Sarà superata l’infinita superbia del nostro tempo, la quale dice che la mitologia è una fantasticheria e la scienza è finalmente una spiegazione, e si comprenderà che anche il nostro tempo è soltanto una fase che deve essere superata, così come fu nei tempi precedenti. Proprio considerando il nostro modo di spiegazione del mondo, scarno e razionale, che ufficialmente si chiama scienza, ci si deve però dire che

la nostra spiegazione con le sue forme e le sue idee razionali

è quella che meno di tutte è adeguata ad afferrare le realtà vere.

 

Occorre ora rispondere seriamente alla domanda: da dove proviene tutto ciò? Riandando allo spirito delle conferenze finora tenute e a quanto dicemmo nel corso del tempo, dobbiamo tener presente che il modo in cui si è guardato il mondo si è variamente modificato durante i tempi. L’essere umano è cambiato, e rispetto a oggi negli antichi tempi della chiaroveggenza si richiedevano forze molto maggiori e possenti dalla totalità dell’entità umana. Con la spiegazione solo materialistica l’anima espelle da sé, con lo strumento del cervello, le formazioni più sottili e umbratili in forma di idee razionali, per dare così una spiegazione del mondo. Le spiegazioni antiche, dei tempi più o meno chiaroveggenti, erano molto rigogliose, molto più reali.

 

Ieri abbiamo visto come il nostro cervello sia una specie di strumento

che porta a fermare, ad arrestare il corpo astrale le cui formazioni,

poiché non vengono lasciate passare dal cervello,

portano a coscienza i nostri pensieri sul mondo.

Nei tempi dell’antica coscienza chiaroveggente

venivano trattenute non soltanto le formazioni del corpo astrale,

ma anche quelle del corpo eterico.

La conseguenza era che nella conoscenza, si faceva scorrere in maggior misura

la propria entità, il proprio sé, la propria sostanza animica.

 

In modo un po’ schematico possiamo dire che la chiaroveggenza antica e anche l’antica visione dei Greci, molto più incline alla fantasia, erano tali che, quando nell’anima dell’antico Greco vi era un pensiero diretto a Zeus, a Dioniso, esso era rigoglioso, molto reale, preso soprattutto dalla stessa sostanza animica umana, e poiché essa era attinta dalle profondità del mondo, la rappresentazione che l’antico Greco si faceva dei suoi dèi aveva in sé molta più realtà delle immagini di pensiero dell’epoca moderna. Se indico il pensiero dell’antico Greco con un cerchio, dovrei disegnare il pensiero dell’uomo odierno ricolmo in modo molto più sottile di sostanza animica. (Viene fatto un disegno.)

 

Quando dà forma alle idee e alle rappresentazioni odierne,

l’anima umana trae da se stessa sostanza in quantità minore e molto più sottile,

e quindi nell’immagine del mondo fatta con la coscienza di oggi

è contenuta molto meno realtà, rispetto al passato.

 

La verità è dunque proprio il contrario di quel che per lo più immagina l’odierna superbia degli eruditi filosofi che pensano che i Greci avessero nei loro dèi creazioni fantasiose senza realtà e che solo nelle odierne leggi di natura con le loro astrazioni vi sia realtà. No, non è così.

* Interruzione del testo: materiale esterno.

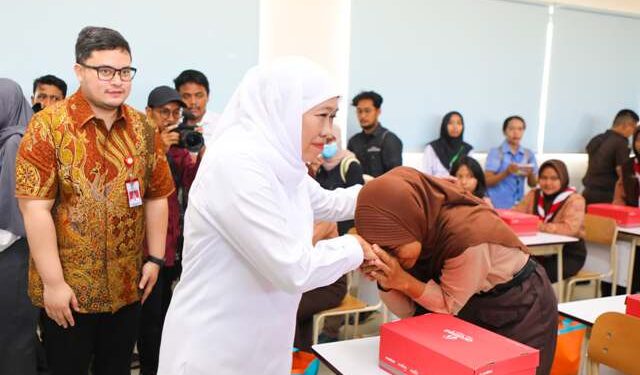 Tegaskan dukung penuh Sekolah Rakyat, Gubernur Khofifah: Dari Sekolah Rakyat akan lahir generasi cerdas, tangguh dan memiliki karakter yang kuat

Le creazioni della conoscenza greca erano molto più densamente ricolme di realtà vera, mentre le conoscenze che oggi derivano dalle leggi naturali sono come limoni spremuti. L’anima lo può sentire, se non è prevenuta dalla superbia dotta e scientifica del nostro tempo, ma ha sete di colmare la coscienza di realtà. Quando l’anima sente di aver sete di realtà, di fronte a quanto le offre oggi in particolare quella che si chiama scienza rigorosa, ha il sentimento che proprio lì essa è irretita al massimo nell’illusione, nella maya.

Mai ci fu al mondo un tale intreccio con la maya

come nelle creazioni della filosofia o della scientificità odierne.

 

Perché si è giunti a questo? Perché nel corso del suo divenire terreno l’uomo doveva sviluppare la sua attuale coscienza dell’io! A tal fine doveva essere del tutto solo, autonomo nel suo io; doveva venir staccato dal legame col mondo esterno. I forti contenuti sostanziali che gli davano la possibilità di immettere molta sostanza animica nelle sue creazioni, come nelle figure degli dèi greci, gli avrebbero reso impossibile giungere alla coscienza dell’io, perché sarebbe stato riversato troppo nel mondo.

 

Affinché potessimo rafforzare la coscienza dell’io,

dovemmo venir strappati, isolati dalle realtà del cosmo,

così che la nostra anima di fronte alle realtà cosmiche si indebolisse,

fosse estremamente debole per l’obiettiva conoscenza del mondo.

 

Come anima conoscente e cosciente rispetto alla coscienza del mondo,

la nostra anima, particolarmente adatta a sviluppare la coscienza dell’io,

è al suo punto più debole in confronto alle condizioni da lei attraversate un tempo.

 

Le idee più rarefatte, meno reali, e le leggi razionali di natura sorgono nella nostra coscienza odierna

a causa della debolezza alla quale dovemmo arrivare.

 

Chi oggi sulla base dell’erudizione o di altre fedi nell’autorità del nostro tempo, è educato alla scientificità che vive solo nelle astrazioni, non arriverà comunque fino a sentire l’infinito impoverimento rispetto alla vera realtà. Chi invece sente in sé la sete di unirsi alla realtà del mondo, sa che a un certo punto della sua vita ha il sentimento di come in tutte le idee odierne ci si senta lontani dalla vera realtà, ci si senta in schemi soltanto esteriori, in immagini d’ombra.